I understand what you're saying but it still mostly an issue for the artist - building a fan base. Otherwise if you have X amount of tickets to be distributed, you'll get X people at the venue, at most. Since the same number of people will show up, it's a matter of distribution. What should the distribution be? You, and many others, say it shouldn't be the richest people, or more accurately those who'd pay the highest price for the ticket. What about the poorest people, if we're talking about fairness? Should we have a quota for homeless people, too? For people of certain ethnicities, political views, sexualities, etc.? That's what I see when you talk about fairness outside of market forces - we should try to include "everyone", whatever that means. Maybe it's the most hardcore fans? So first allow people with tattoos of the artist on their chest? Yes, it's a ridiculous example, but what is fair to you? What makes a fan that will only be able to pay 10 $ not less worthy than a fan who will pay 1000 $? Will they be more worthy to attend than a fan who can only afford 0.01 $?

To me it seems it IS an economics problem - the artist needs to make money and they need to decide whether they want to optimize for the profit from ticket sales or for the profit from merch or from a broader fan base. But it's an economic problem for the artist, it's not really a societal problem or anything more major.

As a disclaimer, I'm not rich and I don't care for concerts anyway.
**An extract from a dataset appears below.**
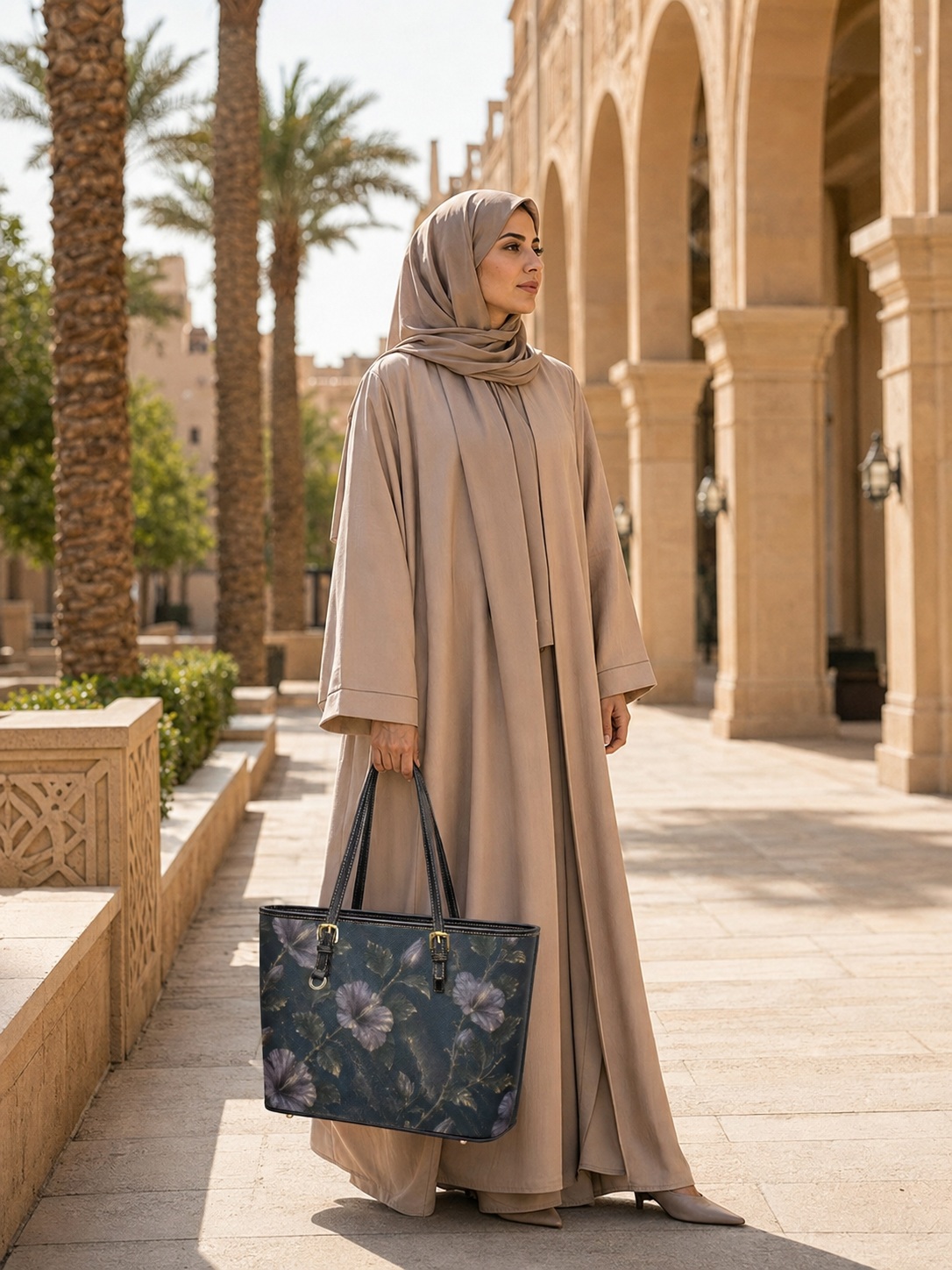 Floral Print Tote Shoulder Bag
It just doesn't make sense to single out tickets for concerts as some special thing. As an example, I'm OK with not being able to buy some fancy ethically sourced gourmet food yet I still support the company that makes it. Or maybe I won't buy it often, but I'll save up and buy it once in a while. Many parallels to be made, but of course not perfect. Still, it's not a necessity, so it's strictly an economic problem (not a moral one), mainly for the artist. Whether they want to solve it and how they want to solve it is their issue. Whether it's non-transferable tickets or ID-bound tickets with a strict policy on how they're transferred or an auction or a lottery or whatever.

> What should the distribution be? You, and many others, say it shouldn't be the richest people, or more accurately those who'd pay the highest price for the ticket. What about the poorest people, if we're talking about fairness? Should we have a quota for homeless people, too? For people of certain ethnicities, political views, sexualities, etc.?
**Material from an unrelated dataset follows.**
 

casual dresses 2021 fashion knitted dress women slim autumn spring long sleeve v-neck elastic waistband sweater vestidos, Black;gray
Geez. It is really not that hard to imagine a better outcome here.

A reasonable distribution distribution could be whatever is the result of the following: (a) each seat is priced by the artist/venue/whatever however they wish, and (b) everyone who genuinely intends to attend the concert themselves and/or is purchasing on behalf of another known person whom they believe would genuinely attend the concert themselves gets an equal opportunity to purchase the tickets at the time of release.
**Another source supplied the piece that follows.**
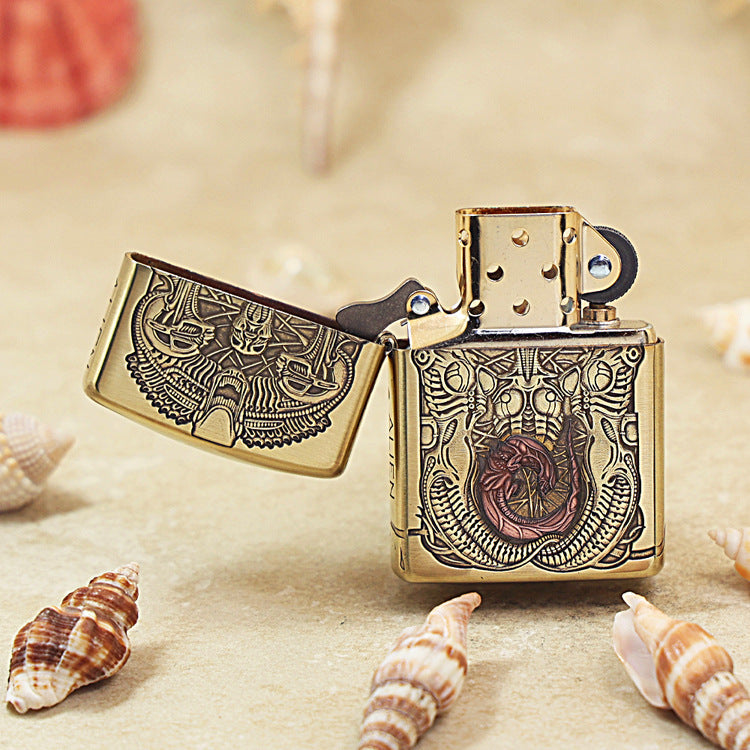 Zippo Heavy-duty Premium Shine Bronze Biomechanical Alien - CC89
How you achieve such an outcome is an interesting question with lots of possible approaches, but what outcome would be adequate to achieve than the status quo really isn't some sort of unanswerable question.

People leave out that the first selection has already happened before the tickets are even on sale, by picking the cities where the tours will stop. The new trend is for artists to stay for longer, in fewer cities, which saves them a ton of money. Like mini-residencies.

Harry Styles is giving more than 20 concerts in Europe, but only in Wembley or Amsterdam.

  • Is that bad? It's economics. The artist likely decided they'll make more money that way. Hardcore or richer fans will be able to travel to Wembley or Amsterdam. Less enthusiastic and poorer fans won't.

    I can't attend most of the concerts I would go to if they were in my city and cost nothing because they're far away from where I live org because they cost a lot. I still enjoy the recordings I can download. I treat concerts as a luxury, not a necessity or a right.